Hello Kate, and welcome to the forums
|Does Google pull the cache from a different place than the link and snippit? |
Yes - what you're seeing is evidence of something we might already have assumed. With this much data on their hands, the "division of labor" across their huge server farm (700,000 boxes, I've seen as a recent guesstimate) is intense. The snippet team does not draw the data from the cache servers - they do their own thing off in the corner and that gets mixed back into the final SERPs. In fact, using automation to construct a useful snippet for the end-user is a critical part of their mission.
|Has anyone else ever seen this happen, and more importantly, how did you fix it? |
Yes, I have, but not cycling over and over. Often there was some DNS error, and fixing that fixed the bad title and snippet, never to go bad again. So what is your situation? Tough question - a cyclical DNS issue seems unlikely to me.
Thanks for your answer, but does the "snippit team" also handle the link text? I thought those were always pulled from the <title> tag. This example though seems like they are getting taken at the same time the snippit is made, ie not the same as the page cache.

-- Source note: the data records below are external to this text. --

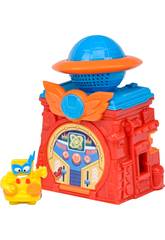 Superzings Kaboom Blaster con Superzings Exclusif Magic Box Toys PSZSD661IN00 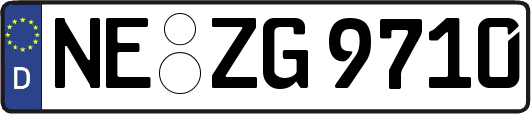 NE-ZG9710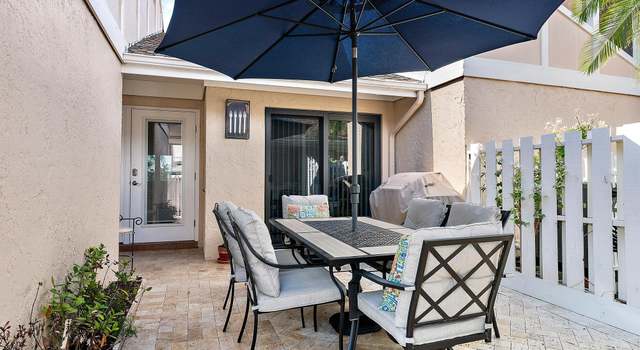 Property at 3733 Cape Pointe Cir, Jupiter, FL 33477, 3 beds, 2 baths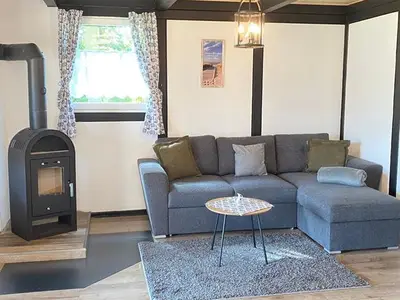 Ferienhaus für 5 Personen (65 m²) in Jade 8/10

Hm, I don't think there's a DNS problem, since all the domains live on the same server. I use a DB to associate a domain to a particular language/country's content (all the domains are CNAMEs of my primary .com).
One thing I have noticed is that the problem seems to appear on the same day as our site is having live releases (usually Thursday). It doesn't happen every Thursday of course, but the times I've had the mismatch thing between countries, the last crawl date from the cached page is a Thursday. Data sample is small, so maybe that's circumstantial though.
Is there any way to figure out where a snippit is coming from (like which data center, or which bot)? I'm casting for straws here.
Over time, I've seen the linked title on a search result coming from at least four sources, depending on the specific search that was entered:
1. The page's actual title element
2. The site's description at DMOZ
3. Anchor text from a backlink (now rare)
4. Just the url (with "noindexed" pages - also rare)
There is an algo that decides which one to match up with any particular query. Obviously choosing a clickable title is critical for end-user satisfaction so I'm sure it gets thoroughly studied, but I don't know whether title formation is handled by the snippet team or if that algo is managed by another team.
If you've got a DMOZ entry and do not want Google to use that as a title in their search results, you can use the NOODP meta-tag [webmasterworld.com] in your pages.